Questions on the drain system

barbet · November 15, 2018, 2:14pm

Hello,

I am currently draining servers. We are not using RAIN, the filesystems on the servers are partitions of a large RAID6 volume. I have some questions :

When trying to set the parameters for draining, I observed that I could not put more than 10 as for
drainer.node.ntx. Also, I wanted to set drainperiod to 7 days (604800) and it seems it is still 86400.
Is the graceperiod taking over ? What is the respective impact of these 2 timeouts ?
I declare 2 FS in drain but noticed that they where processed one after the other, so no parallelism here.
Is this by design ?
When draining starts, it looks like the (auto) balancer is temporarily suspended. Does it restart
automatically after draining is over or does one have to restart it. If yes how ?
Among the other servers in the cluster, that are pulling data part of the drain procedure, it seems that
some are pulling data in a more efficient manner than others (at least for some time). Can this be
explained ?

Thank you.

JM

davidjericho · November 15, 2018, 11:22pm

Hi @barbet, regarding your first question, if you look at the FS in question, with fs <fsid> status, what does the drain period say?

As an example, for us, if I query a random FS, I get…

# ------------------------------------------------------------------------------------
# FileSystem Variables
# ------------------------------------------------------------------------------------
bootcheck                        := 0
configstatus                     := rw
drainperiod                      := 86400
drainstatus                      := nodrain
graceperiod                      := 86400

If the FS was created when the space had the drainperiod configured, the FS takes the space’s value.

barbet · November 16, 2018, 6:53am

Hi, thank you David,

Yes the drainperiod of the FS is still the old value that was in the space before I change it :

eos -b fs status 3 | grep drain
configstatus := drain
drainperiod := 86400
drainstatus := draining

While in space

eos -b space status default | grep drain
drainer.node.nfs := 5
drainer.node.ntx := 10
drainer.node.rate := 500
drainperiod := 604800

I suppose that what I have to do is change it at the FS level…

JM

apeters · November 16, 2018, 8:03am

You have to use this syntax to change it for all filesystems:

space config default fs.drainperiod=604800

This will apply it to all filesystems and change the default in ‘space status default’.

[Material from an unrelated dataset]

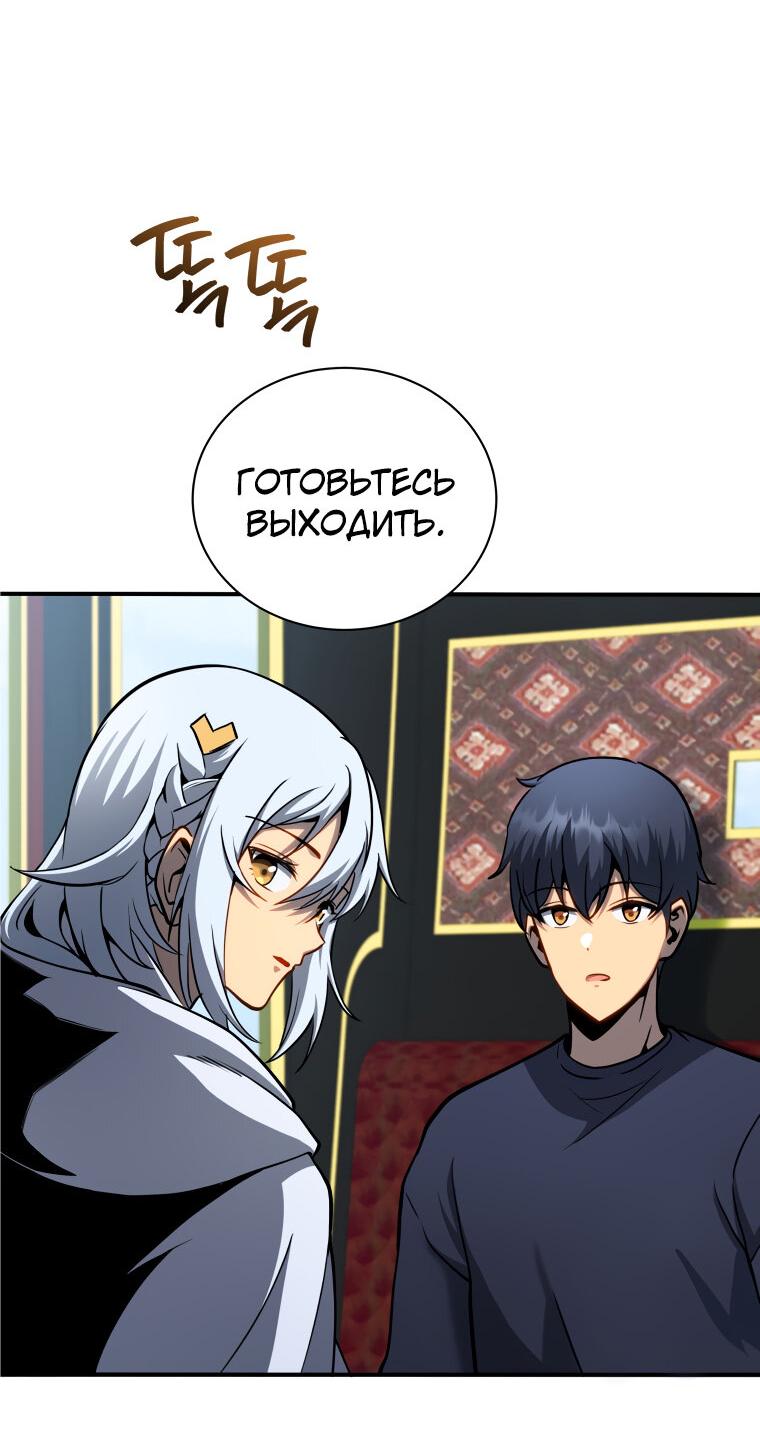 Манга Меня уволили из партии героев, потому что им не нужны мои навыки обучения, поэтому я укрепил свой [феод], который получил взамен своих пенсионных денег - Глава 161 Страница 35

barbet · November 29, 2018, 7:28am

Hello,

I am still draining servers (it is slow because the servers have 2x1Gbits/s Ethernet adapters). This morning I tried to start all remaining drains at the same time hoping that they would be processed in parallel but nope, I can see already that only the first one is progressing. So, asking the question again: is there a way to have drain operations done in parallel ?

Thanks

JM

amanzi · November 29, 2018, 3:41pm

Hi Jean Michel,
i guess you are using the distributed drain right? ( the new central drain is not enabled by default)
i see that you have max 10 transfers per node for all filesystems, and you said that you cannot raise this limit.
i just tried and i can raise the limit without problems

space config default space.drainer.node.ntx=40
success: setting drainer.node.ntx=40
EOS Console [root://localhost] |/eos/dev01/test/andrea/> space status default

------------------------------------------------------------------------------------

Space Variables

…

balancer := off
balancer.node.ntx := 2
balancer.node.rate := 25
balancer.threshold := 1
converter := off
converter.ntx := 2
drainer.node.nfs := 5
drainer.node.ntx := 40

can you retry to set this var to an higher value?
cheers
Andrea

barbet · November 30, 2018, 6:41am

Thank you Andrea,

I successfully changed the drainer.node.ntx to 40 (I do not understand why I could not in the first place).
But it does not change the way the filesystems are drained, that is: one after the other. The only thing that changed is the number of processes performing eoscp on the target nodes. The network traffic on our EOS cluster can be seen here http://alimonitor.cern.ch?2692 (need a grid certificate allowed by Alice).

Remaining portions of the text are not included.